The Court of Appeal also relied on Order 3 rules 6 and 7 of the Federal High Court (Civil Procedure) Rules, 2009, to the effect that any person who claims “to be interested under a deed, will enactment or other written instrument” or who claims “any legal or equitable right in a case where the determination of the question whether such a person is entitled to the right depends upon a question of construction of an enactment” is entitled to seek declaratory reliefs by Originating Summons.
Finally, the Court of Appeal dismissed the allegation of collusion between the NNPC and the FIRS; it held that a person, body or authority that instituted an action in a Court of Justice to protect or secure statutory or constitutional rights, privileges, or immunity, etc, could not be said to be acting in collusion.
On the face of it, there is logical internal consistency to the decision of the Court of Appeal. On the other hand, the problems with the decision seem to stem more from what it overlooks than what it actually decided. It is true, for example, that Order 3 Rule 6 of the Federal High Court Rules allows a person to commence action by Originating Summons if he claims “to be interested under a deed, will enactment or other written instrument”. It would have been more helpful, however, if the court had undertaken a more detailed examination to conclude that “other written instrument” in that language encompasses an arbitration agreement or to decide whether it is to be interpreted more restrictively.
The predication on Order 3 Rule 7 of the same provision, that a person is entitled to commence action by Originating Summons if the interpretation of an enactment is in issue, appears stronger. Nevertheless, a consideration of other factors which the court seemed not to take into account would suggest that even that is not really as strong as it appears in the circumstances of a third party challenge to an arbitration agreement.
Arguably, the most critical factor that was overlooked or at least insufficiently considered is in terms of the provisions of the Nigerian Arbitration and Conciliation Act. In the first place, section 34 of that Act provides that a court shall not intervene in any matter governed by the Act except where so provided in the Act itself. The Preamble to the Act says that its purpose is “to provide a unified legal frame work for the fair and efficient settlement of commercial disputes by arbitration and conciliation” and also to make the New York Convention on the Recognition and Enforcement of Arbitral Awards applicable in Nigeria. Following on from the Preamble and considering its specific provisions, it is fairly clear that matters governed by the Act include arbitration agreements, arbitral proceedings as well as the recognition and enforcement of arbitral awards.
Section 4 of the Arbitration and Conciliation Act provides that if an action which is the subject of an arbitration agreement is brought before a court the court shall stay its proceedings if so requested by a party who makes the request not later than when filing his statement on the substance of the dispute. An interesting observation about the language of section 4 is that its focus seems to be on the parties before the court and not necessarily the parties to the relevant arbitration agreement; compare for example section 5 of the same Act which clearly focuses on circumstances when the parties before the court are also the parties to the arbitration agreement.

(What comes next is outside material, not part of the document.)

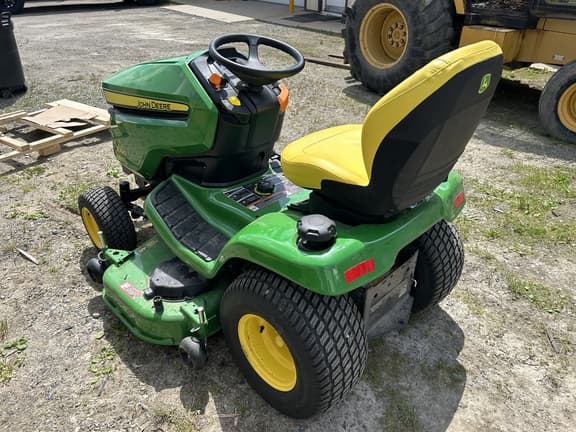 Image of John Deere X390 equipment image 3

Nevertheless, the terms of section 4 give us an indication of how the Court of Appeal might have approached the instant case differently.
As alluded to earlier, the focus of the Court of Appeal was principally on whether the FIRS had locus standi to bring the Originating Summons before the court. In fairness, it also seems that this was the first line of argument pursued on behalf of the oil companies. However, the fact that a party before a court might have locus standi and might be properly before the court is not of itself sufficient to deprive the court of its ability to exercise its jurisdiction to stay the proceedings. The terms of section 4 of the Arbitration and Conciliation Act contemplate that the parties in the action before the court might be properly before the court; hence it says that the party seeking a stay of proceedings must do so no later than when it submits its first statement on the substance of the dispute. It is also important to bear in mind the use of the imperative “shall” in section 4 i.e. the court “shall” stay its proceedings which suggests, at least prima facie, that the court must stay its proceedings following a prompt request.
Beyond section 4, the Arbitration and Conciliation Act also provides in section 12 that an arbitral tribunal shall be competent to rule on matters pertaining to its own jurisdiction. Ordinarily, this suggests that it is for the tribunal to decide on its own jurisdiction; however, it may be argued that this is not a total preclusion in all circumstances of the ability of courts to rule on the jurisdiction of an arbitral tribunal. The Court of Appeal pointed to the example of the Panalpina case where the Supreme Court held that the Arbitration Board lacked or exceeded jurisdiction. Another argument that may be raised along this line might depend on section 35 of the Act (also mentioned by the Court of Appeal) which provides that the Act’s provisions do not affect any other law by which certain disputes are not arbitrable or are only arbitrable on stated conditions. On the other hand, there is one important distinction from the Panalpina case which the Court of Appeal did not seem to address directly. The Panalpina case concerned a situation where an award had already been made whereas the present case is to prevent the holding of arbitral proceedings at all.
In light of the foregoing, while the Court of Appeal’s decision that the FIRS had locus standi in respect of the Originating Summons before the Federal High Court has a consistent logic to it, the decision’s main shortcoming is in terms of inadequate consideration of directly relevant provisions of the Arbitration and Conciliation Act. Specifically, the court should have paid attention to the provisions that require the lower court to stay its own proceedings, irrespective of whether the parties have locus standi and are properly before the court, at the request of a party who acts promptly when the matter before the court is the subject of arbitral proceedings.
The Court of Appeal’s decision might also have better reflected awareness of sensitivities about supporting and promoting international commercial arbitration and Nigeria’s perception as an arbitration friendly centre. It is in this respect that some of the critical commentaries on the Court of Appeal’s decision have been focused. Some of the already extant commentary suggest that the decision reverses the positive impressions that had been generated by recent decisions including especially Nigerian Agip Exploration Limited (NAE) v Nigerian National Petroleum Corporation (NNPC) & Anor CA/A/628/2011 of February 2014; and, Statoil Nigeria Ltd & Anor v NNPC & 2 Ors 2014 NWLR (Pt 1373) 1; (2013) 7 CLRN 72.
It may be that the Court of Appeal’s decision in Statoil v NNPC under consideration here is not as damaging as it might first appear. The decision should not be read as an open cheque for third party challenge of arbitration agreements in Nigeria. Rather the decision should be read as simply to the effect that in some circumstances a third party to an arbitration agreement has locus standi to file an action before the courts challenging the arbitration agreement. The decision is not per se to the effect that the court cannot stay its jurisdiction in such an action. It is thought that commentary highlighting this distinction and stressing the importance and need to exercise the courts’ jurisdiction to stay proceedings is more likely to be beneficial to the courts in appreciating the fine distinctions that often need to be made and the important sensitivities about arbitration friendliness. In any event, an authoritative decision on the matter by the Nigerian Supreme Court would be most welcome.